Judge Rix says that cases in the Commercial Court tend to require fewer experts than other courts. He says: “Oddly enough, although the Commercial Court cases are complex and heavy, for all of that the Commercial Court is not particularly heavy with the use of single joint experts. In personal injury cases there may be half a dozen experts on each side: you will have anaesthetists, and more academic anaesthetists and more clinical anaesthetists. That's very rarely the case in the Commercial Courts. We don't order experts unless we need to. We don't have a plethora of experts.
Judge Rix adds: “In the Commercial Court and in the High Court, cases have fallen in number, but that's a temporary phenomenon and I would think that would be true elsewhere as well.
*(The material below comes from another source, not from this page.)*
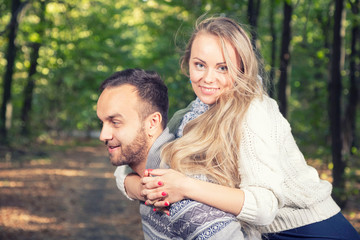 Portrait of young couple enjoying a day in the park together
However it's still very early days.”
Given the diversity of expert witnesses and the fact neither the Academy of Experts, the Expert Witness Institute nor the Society of Expert Witnesses claim to specialise in a particular field of expert witness, how does joining a professional body benefit them?
While the society is a non-profit-making body which acts as an information provider for the legal profession, both the academy and the institute charge about £150 per annum for membership. But, as one expert puts it: “All the courts need to know is that these experts know how to be experts and that means having access to the court rules and a little bit of training.
“The LCD can point them in the direction of the court rules and the information they need. The amount of High Court litigation is going down, therefore why pay for these bodies?
“In many cases they are not mainstream experts and are never going to be an expert again, so why should they join an institution?”